Google releases a slightly improved version of Android every year, but this time around it's pulled out all the stops. Android Marshmallow is the latest version of Android, and includes brand-new features that make using your smartphone even better. Features such as the battery-saving Doze mode and the highly intelligent Google Now on Tap represent a step forward - and overall Marshmallow is the biggest update to Google's mobile OS in ages. Still not sure if you should upgrade? Here are 14 reasons we think Marshmallow is the best version of Android yet.
1. USB Type-C
USB Type-C represents the holy grail of connections. It’s silly-fast, can be used any way up – and it’s going to be the most commonly used connection in the next few years. What’s more, it also allow for much faster charging than conventional cables: it can fully charge a Nexus 6P in around two hours.
As you’d expect, Android Marshmallow is futureproofed with built-in USB Type-C support, so as long as your smartphone has the connection, Marshmallow can take advantage of it.
2. Now on Tap
One of the biggest changes to Android Marshmallow comes in the form of Google Now. Although it may look the same as before, Google Now is now pre-baked into every area of the OS, and it’s cleverer than ever. Google Now’s focus is now on “context”, and that means the digital assistant will be better at understanding where you are, and what you’ll need to know as a result.
3. Adopted Storage
Most Android phones allow you to insert some form of memory card, but previous versions of Android always treated it as a separate entity. While that’s great if you want to swap memory cards around – it can be annoying if you want to use the memory card as a permanent storage solution. That’s where Adopted Storage comes in. Rather than treating the memory card as a separate storage space, Marshmallow can treat it like the rest of the memory on your phone. The result? You can use your memory card space without any fuss.
4. Android Pay
Much like Apple Pay, Android Pay allows users to store credit and debit card information on their smartphones, and then wirelessly pay for goods and services quickly and securely. To make it more secure, Android Pay uses a virtual account number instead of your own, and also keeps a detailed history of purchases made using the app.

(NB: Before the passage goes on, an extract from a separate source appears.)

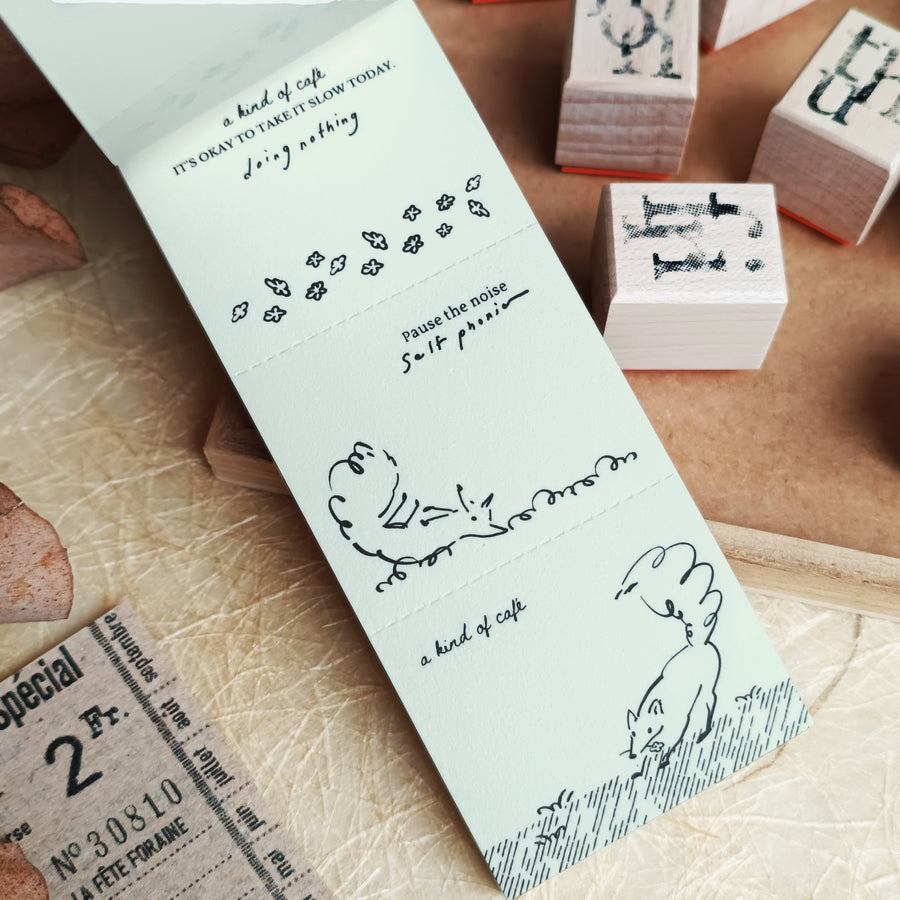 A kind of café 什物 Illustrated Mini Book Three-Split Notepad - Fox Frolic Notes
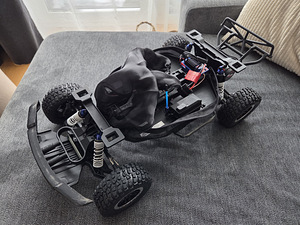 Traxxas Ford F-150 2wd BL-2s (4 foto / 4)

If you’re unlucky enough to lose your phone, Google has you covered. Android Device Manager makes it easy to remotely lock and wipe your Android device in the event of loss or theft.
The only catch? Android Pay has been in the US since late September, but we still don’t know when it’s coming to the UK.
5. System UI Tuner
Marshmallow fixes one of our biggest pet peeves with the Android operating system. Google’s mobile OS uses the status bar at the top of your screen for key information about reception, battery life and more – but it can get crowded and scruffy at times.
With the System UI Tuner, users can now add their battery percentage to the system tray, and choose which other things they want to be displayed there. The result? Your Android phone will only show the information you want to see.
6. Improved Copy and Pasting
Although it seems like a relatively simple task, previous versions of Android made cutting and pasting text a fiddly, frustrating affair. Before, Google’s OS forced you to go to the top of the screen to cut, copy and paste – but Marshmallow lets you hover just above the selected text. If that sounds familiar, that’s because it’s exactly what iOS already does – but we’ll forgive Google as it’s a vast improvement over its original solution.
7. Custom Google tabs
Google Chrome is one of the best mobile browsers around, and Marshmallow makes it easier for developers to integrate into their own, third-party apps. That means you don’t have to switch applications when you need to browse the web, and it also means that when you are let loose on Google's browsers, all of your passwords and logins are stored and ready to go. The result? The whole browsing experience is much more seamless.
8. Clear permissions system
Although not one of the most glitzy features, Marshmallow’s app permissions overhaul will have an immediate effect on how you use your phone. Previous versions of Android forced the user to configure app settings at the point of install, making downloading apps an overly complex, drawn-out process.
Instead, Marshmallow only asks for your permission when it needs to. So, rather than configuring something such as Snapchat when you first download it, Android will ask to use your phone’s camera once, and only the first time you use it.
If you want to go back on your original decisions, Marshmallow has you covered. The new OS presents things by permissions rather than apps, so you can quickly see what apps are using your camera, accessing your photos, location data and much more.